## WHAT YOU SHOULD DO
Set down each record exactly. Omit the pictures.

DATA FOR REVIEW START

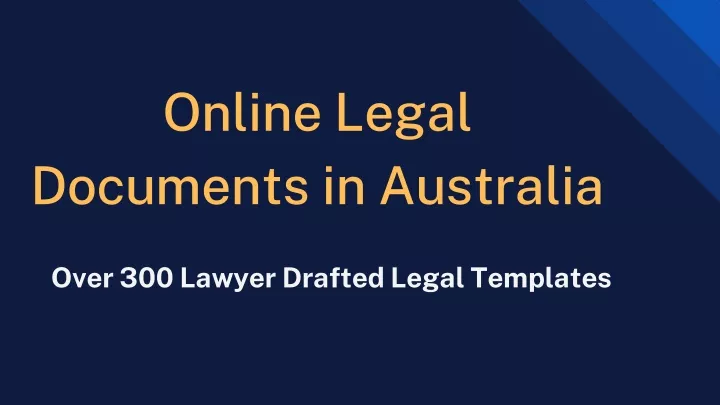 online legal documents in australia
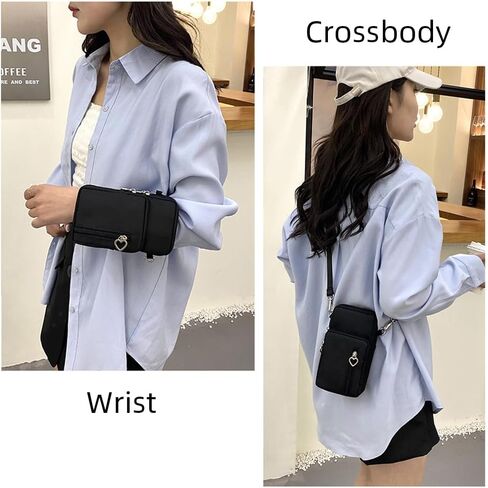 MINTEGRA Crossbody Phone Purse Nylon Shoulder Pouch Walking Wallet Wristlet Sport Armband in Kuwait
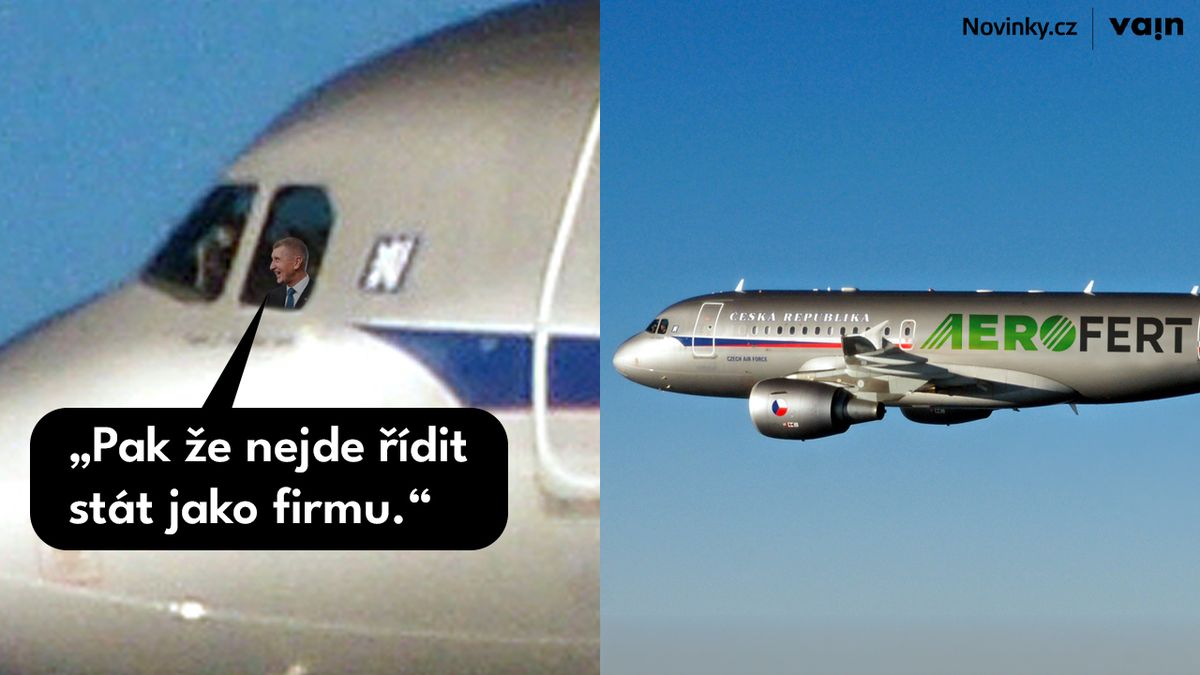 Andrej Babiš si založil aerolinky. Je pilot, dispečer i steward v jednom!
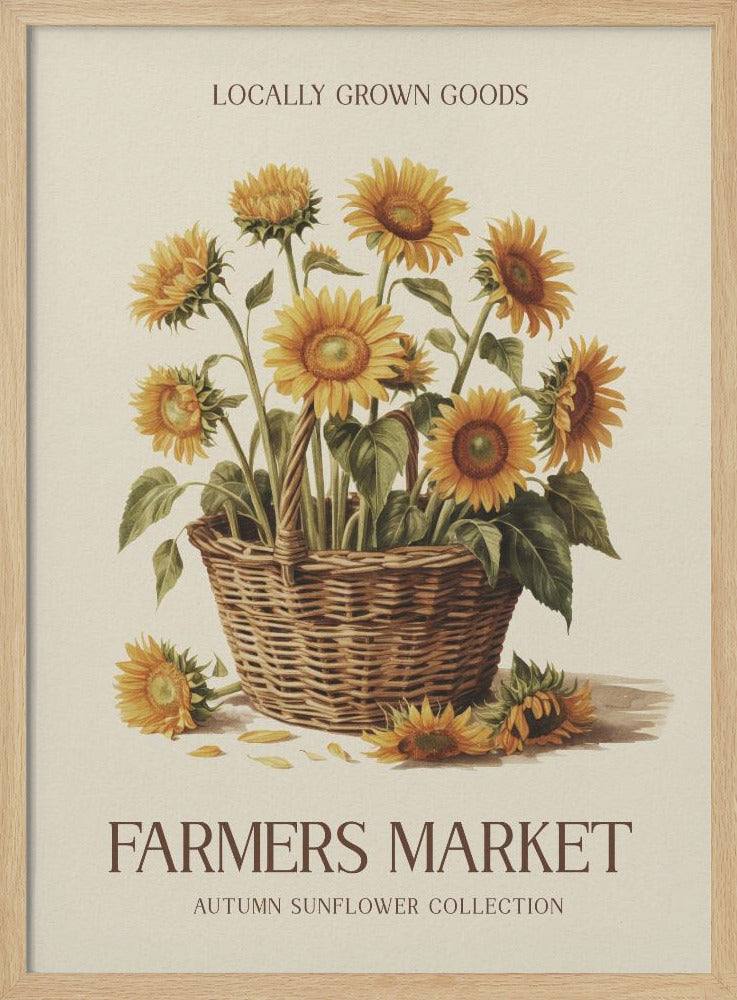 Farmers Market Sunflower - Poster / Art Print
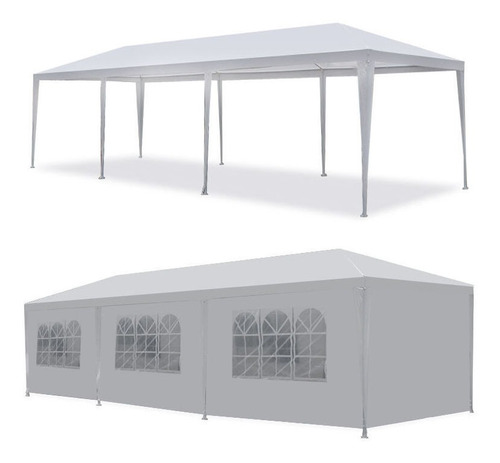 Toldo Gazebo De 10x30 Pies Con 8 Paredes Para Eventos En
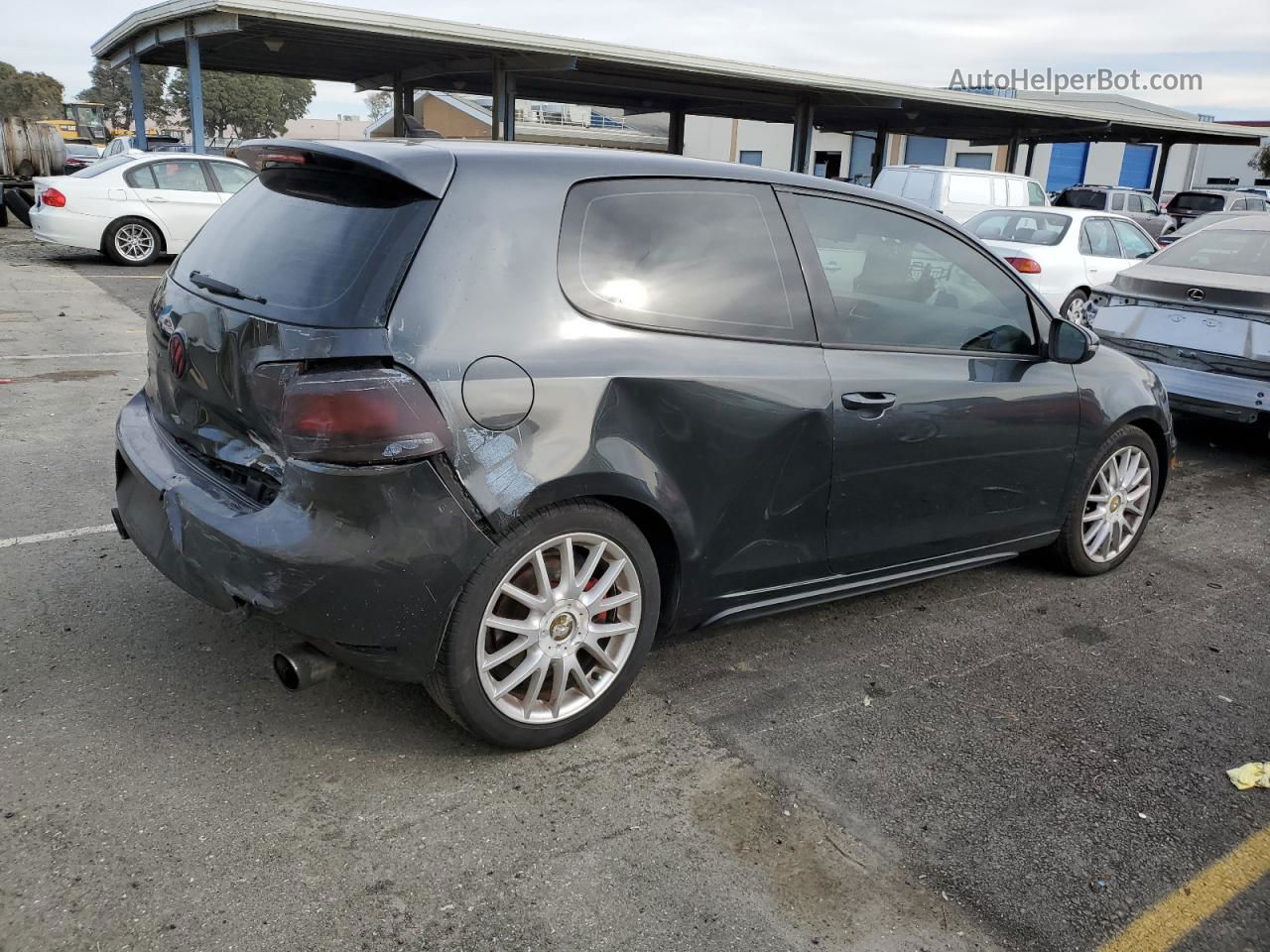 2010 Volkswagen Gti  Gray vin: WVWED7AJ9AW369612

DATA FOR REVIEW END

## PROBLEM SOLUTION
 online legal documents in australia
 MINTEGRA Crossbody Phone Purse Nylon Shoulder Pouch Walking Wallet Wristlet Sport Armband in Kuwait
 Andrej Babiš si založil aerolinky. Je pilot, dispečer i steward v jednom!
 Farmers Market Sunflower - Poster / Art Print
 Toldo Gazebo De 10x30 Pies Con 8 Paredes Para Eventos En
 2010 Volkswagen Gti  Gray vin: WVWED7AJ9AW369612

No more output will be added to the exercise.